Today (Jan. 19, 2017) marks the 10th anniversary of the murder of Armenian-Turkish journalist Hrant Dink. Dink was shot dead by a young Turkish ultranationalist outside the office of the Agos newspaper, where he was editor-in-chief.
Ten years have passed and the investigation into the killing drags slowly on, but Dink’s shining legacy remains undimmed despite seismic shocks in Turkey in the years since.
Born in the Anatolian city of Malatya – which once had a large Armenian population but now almost none – Dink moved to Istanbul and in 1996 sprung to prominence by founding Agos. Agos was not the first or only Armenian newspaper in Turkey but it was the first to be published in Turkish as well as Armenian, allowing a debate of issues that had long remained taboo.

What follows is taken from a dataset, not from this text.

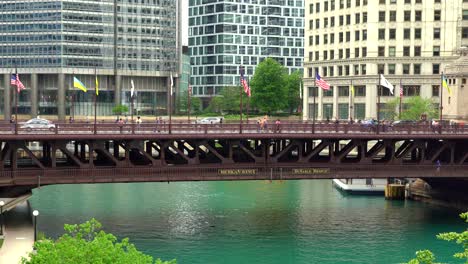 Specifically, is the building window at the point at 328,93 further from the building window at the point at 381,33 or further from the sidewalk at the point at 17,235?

Dink’s death became a symbol of the peril of such moves. The photograph of his corpse covered by a sheet, with just the soles of his shoes complete with a hole showing, underlined the tragedy. And although his assassin, just 17 at the time, was rapidly arrested and sentenced, the trial into the killing still grinds on with Dink’s supporters losing confidence on its ability to shed light on the plot.
Dink’s assassin, Ogun Samast, is still behind bars but the trial into dozens of police accused of covering up the plot rumbles on.